En la sede de la Librería Editrice Vaticana (LEV), el papa León XIV recibió hoy a un grupo de escritores internacionales y se refirió a la literatura como «el gran campo de entrenamiento de la humanidad». La editorial, fundada en 1926 durante el pontificado de Pío XI, publica documentos oficiales de la Iglesia Católica.
Entre los autores presentes se encontraban el Premio Nobel de Literatura 2023, el noruego Jon Fosse; el rumano Mircea Cărtărescu; los estadounidenses Marilynne Robinson, Elizabeth Strout y Jonathan Safran Foer; los franceses Eric-Emmanuel Schmitt y Sorj Chalandon; el irlandés Colum McCann; la española Julia Navarro; y los italianos Vittorio Lingiardi, Daniele Mencarelli y Enrico Brizzi.

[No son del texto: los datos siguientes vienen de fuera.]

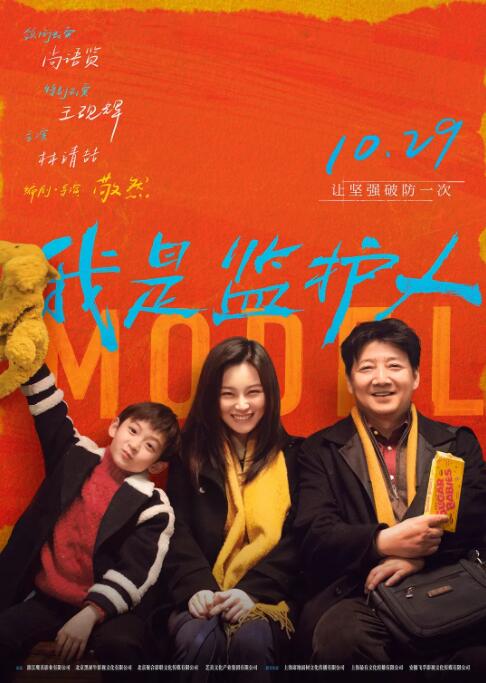 单亲妈妈3韩国电影免费观看_7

También asistieron autores vinculados a LEV, como el dominico francés Adrien Candiard, y los italianos Eraldo Affinati y Paolo Malaguti.

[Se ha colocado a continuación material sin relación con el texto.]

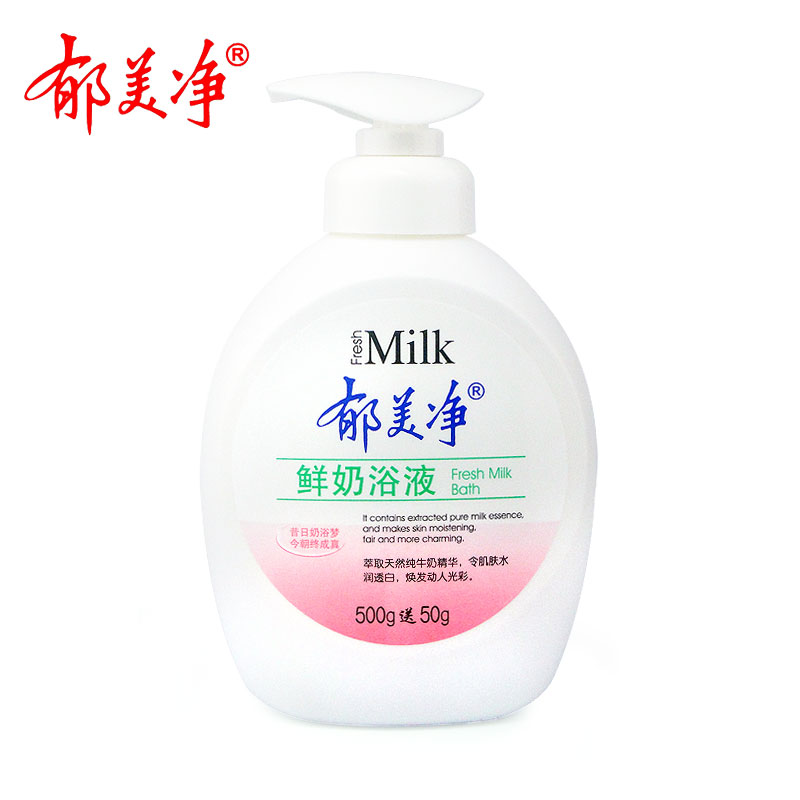Pretty clean milk bath 550g moisturized and mild body cleaning care for moisturizing foam bath dew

Durante el encuentro, el papa afirmó: «Me complace darles la bienvenida a ustedes, escritores de diversas partes del mundo, que se han reunido en Roma para conmemorar el centenario de la fundación de la Libreria Editrice Vaticana». Luego sostuvo que «escribir es un acto de verdad, de revelación, pues revela quiénes somos, en qué creemos y qué anhelamos».
Hizo referencia a su encíclica Magnifica Humanitas, considerada una defensa de la dignidad humana ante la revolución digital, y declaró: «La verdad no es un territorio que defender, sino un bien que compartir». Agregó: «Nunca somos dueños de la verdad; más bien, es la verdad la que nos ‘conquista'».

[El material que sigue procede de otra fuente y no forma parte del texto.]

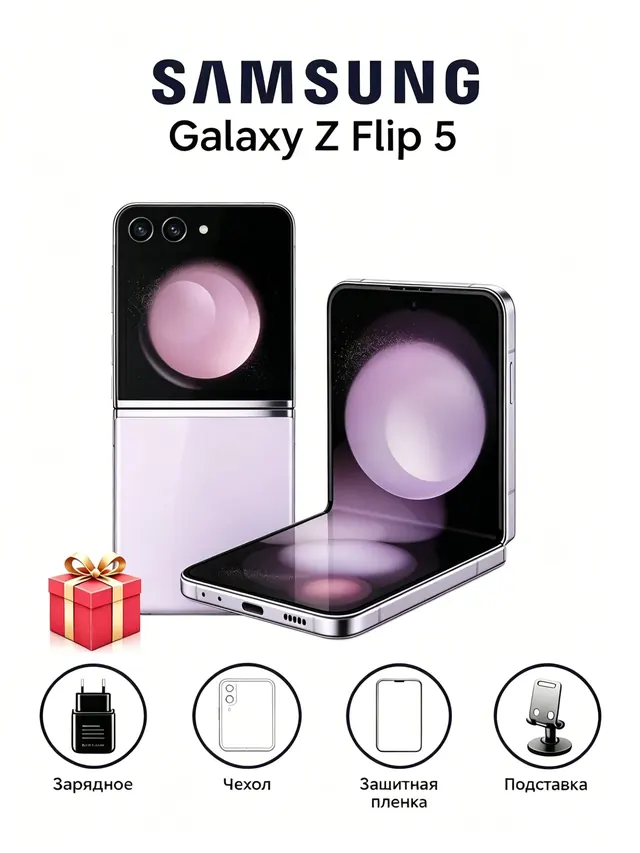 Samsung Galaxy Z Flip5: 8/256 ГБ, экран 6,7 дюйма, фиолетовый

El pontífice citó al papa Francisco y su «Carta sobre el papel de la literatura en la formación», y señaló que «cuando escribes historias y desarrollas tus personajes, te identificas con ellos». Sobre la literatura, dijo que «es el gran campo de entrenamiento de la humanidad» porque «los lectores ‘viven’ muchas vidas además de la suya».
También afirmó que «la escritura atañe a Dios» y que «cuando profundizamos en nuestra propia humanidad, no estamos lejos de Dios». Citó a san Pablo VI para concluir: «Los necesitamos. Necesitamos su imaginación, su creatividad narrativa y su vivacidad».